Required action — Reproduce exactly the lines from the one that holds "xiaojingzi66 online show" through the last line of the entries, both ends included, but not the pictures.

Image-caption web data —
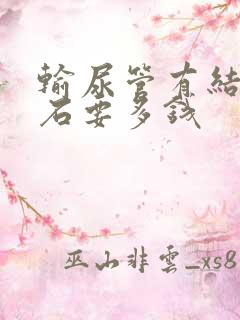 输尿管有结石排石要多钱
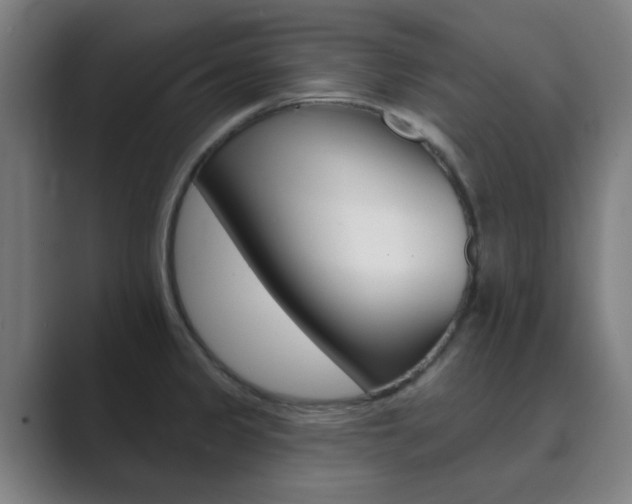 X0000089941333200706290808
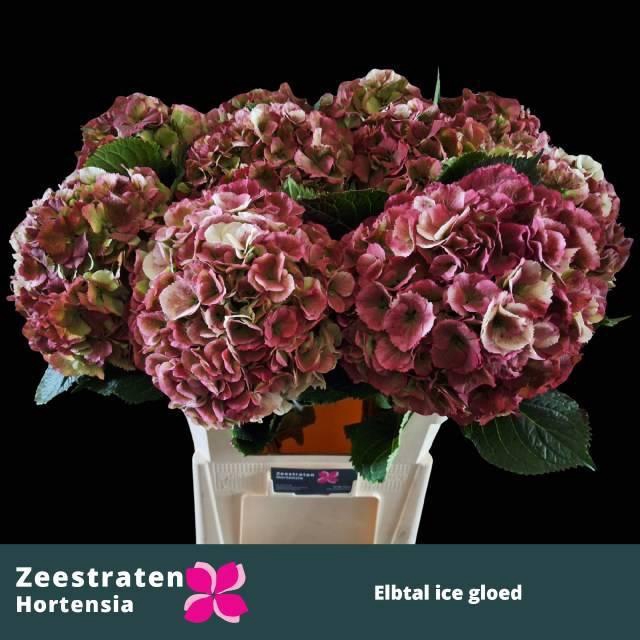 <h4>HYDR M ELBTAL CL</h4>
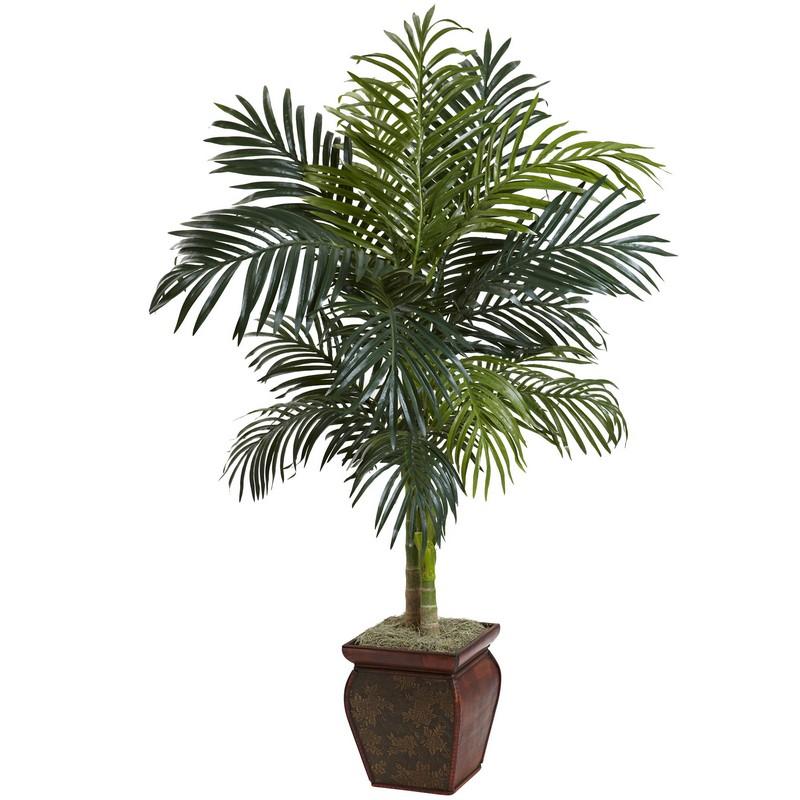 4.5'Golden Cane Palm w/Decorative Container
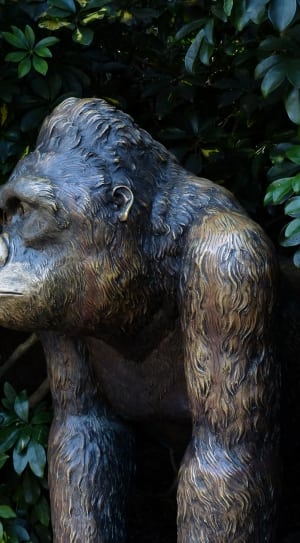 black and brown gorilla concrete statue thumbnail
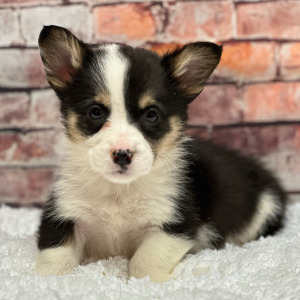 Pembroke Welsh Corgi Puppy Carters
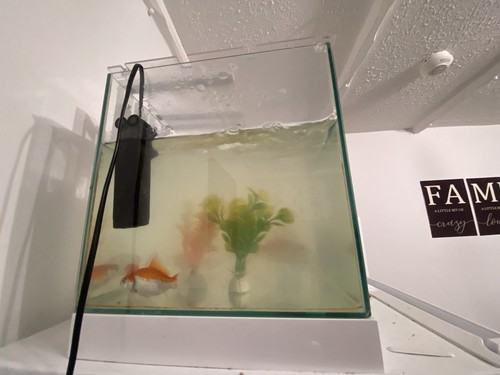 Fish tank with equipment - fish, in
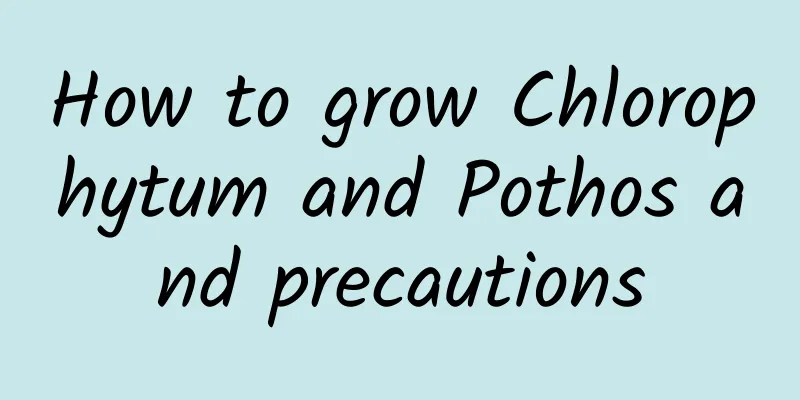 How to grow Chlorophytum and Pothos and precautions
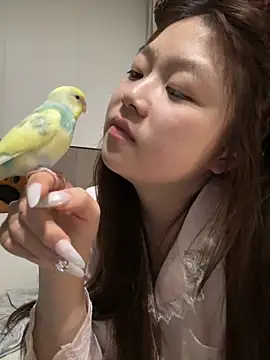 xiaojingzi66 online show from 04/28/26, 05:17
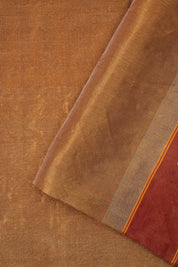 Rust Tissue Cotton Paithani Saree - Saavari -  SSRTCPSS03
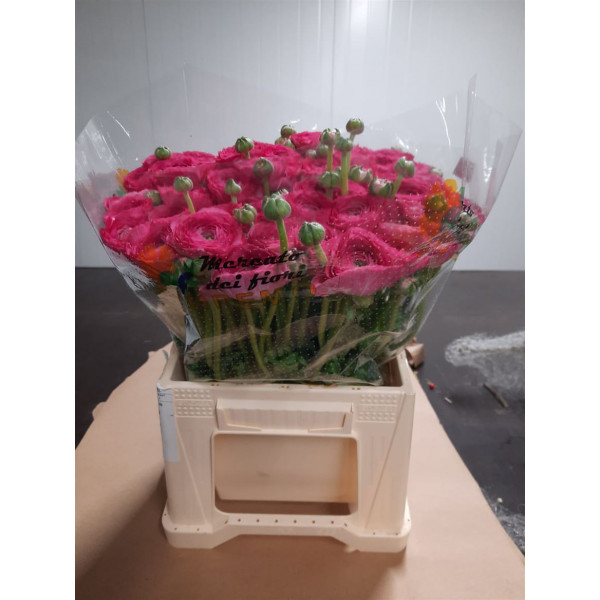 Ranunculus Kl Make Up Xl 45cm A1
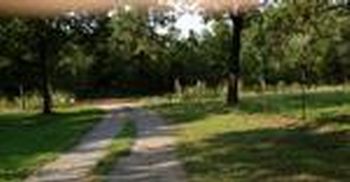 Photo of Mobile Home Lot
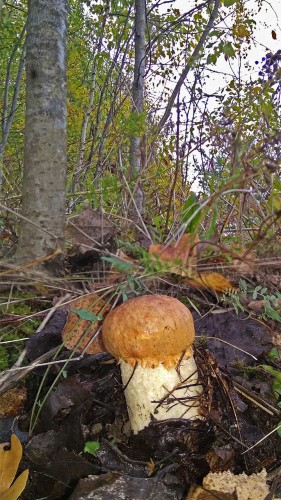 Les_05.10.2018-4.jpg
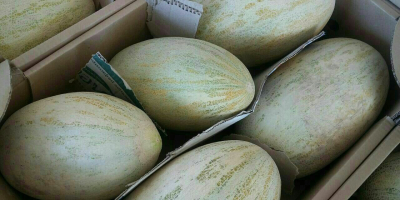 Sprzedam melony, torpedowe. Rozmiar: 2,5-5 kg Warunki dostawy: FCA,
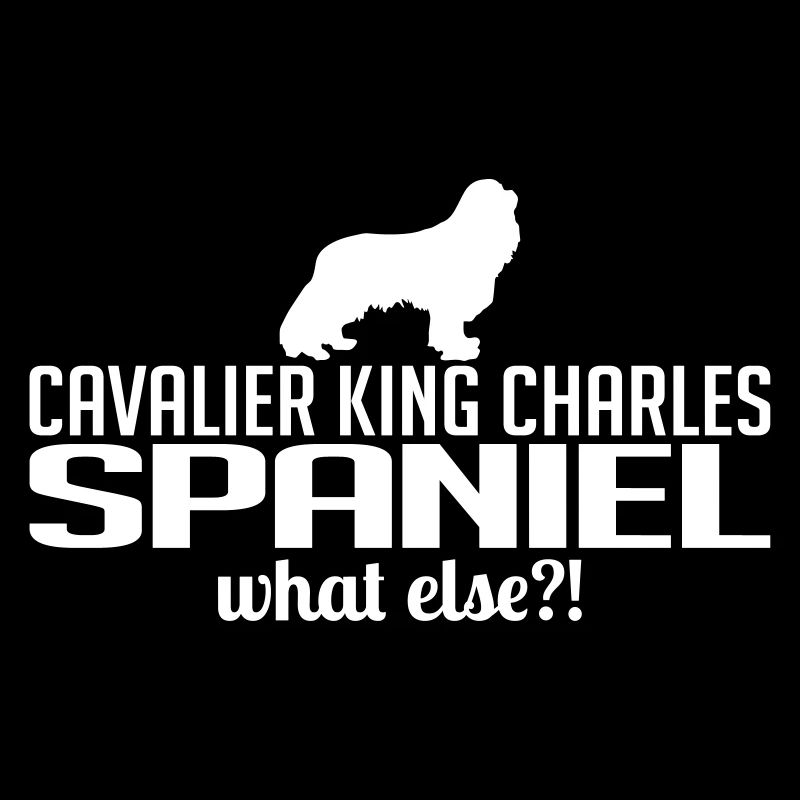 CAVALIER KING CHARLES SPANIEL what else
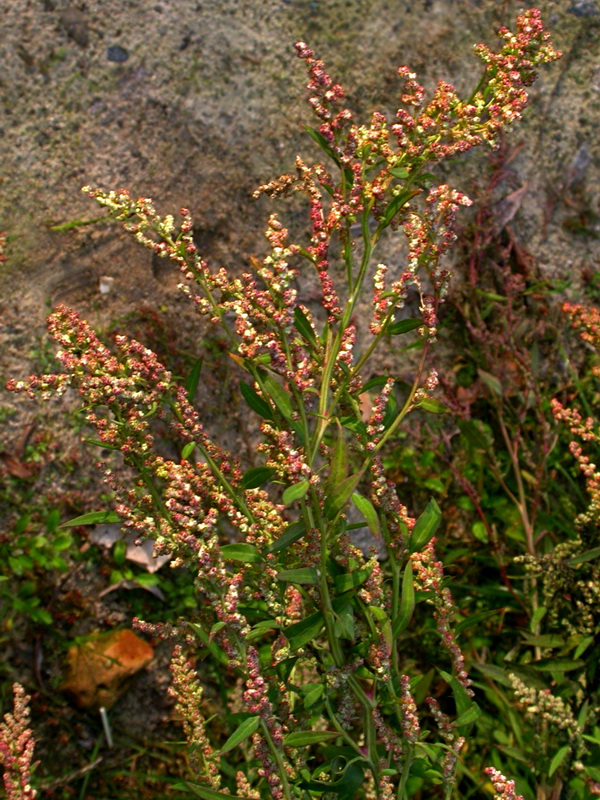 Изображение особи Chenopodium strictum.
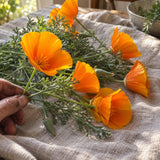 Orange California Poppy Seed Shaker harvest up close
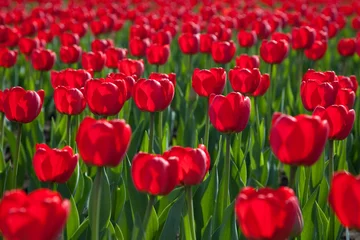 Crédence de cuisine en verre imprimé Tulipe red tulips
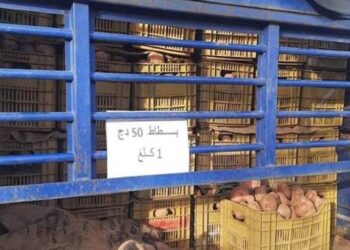 متى وكيف تحصل على بطاطا بـ 50 دينارا ؟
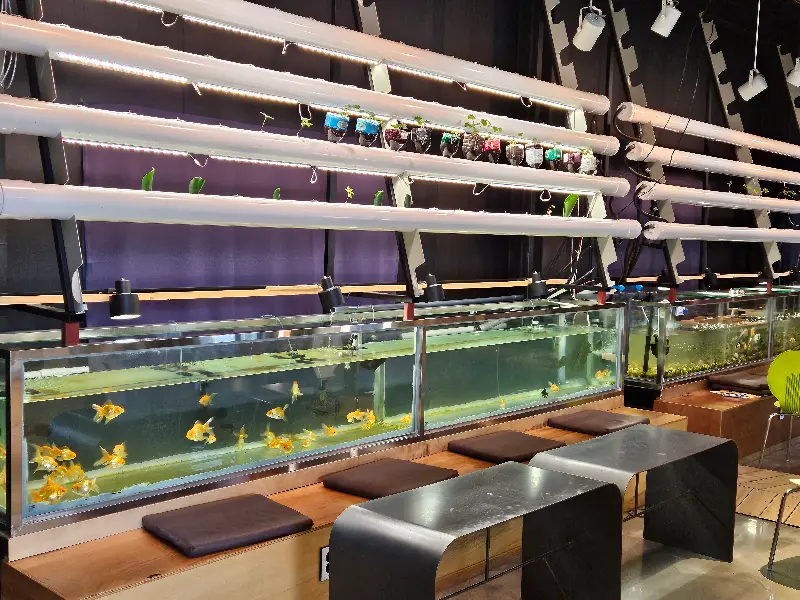 팜스빌드의 아쿠아포닉스 시스템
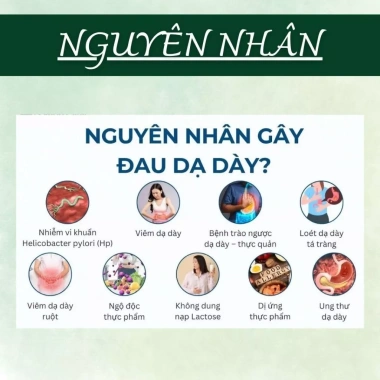 Trà Dạ Dày Đại Tràng 50 lọc - Giảm viêm loét, trào ngược, ợ hơi, ợ chua, ngăn HP - Giá 130.000₫ 6 Trà Dạ Dày Đại Tràng 50 lọc - Giảm viêm loét, trào ngược, ợ hơi, ợ chua, ngăn HP - Giá 130.000₫ 6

Written response —
 xiaojingzi66 online show from 04/28/26, 05:17
 Rust Tissue Cotton Paithani Saree - Saavari -  SSRTCPSS03
 Ranunculus Kl Make Up Xl 45cm A1
 Photo of Mobile Home Lot
 Les_05.10.2018-4.jpg
 Sprzedam melony, torpedowe. Rozmiar: 2,5-5 kg Warunki dostawy: FCA,
 CAVALIER KING CHARLES SPANIEL what else
 Изображение особи Chenopodium strictum.
 Orange California Poppy Seed Shaker harvest up close
 Crédence de cuisine en verre imprimé Tulipe red tulips
 متى وكيف تحصل على بطاطا بـ 50 دينارا ؟
 팜스빌드의 아쿠아포닉스 시스템
 Trà Dạ Dày Đại Tràng 50 lọc - Giảm viêm loét, trào ngược, ợ hơi, ợ chua, ngăn HP - Giá 130.000₫ 6 Trà Dạ Dày Đại Tràng 50 lọc - Giảm viêm loét, trào ngược, ợ hơi, ợ chua, ngăn HP - Giá 130.000₫ 6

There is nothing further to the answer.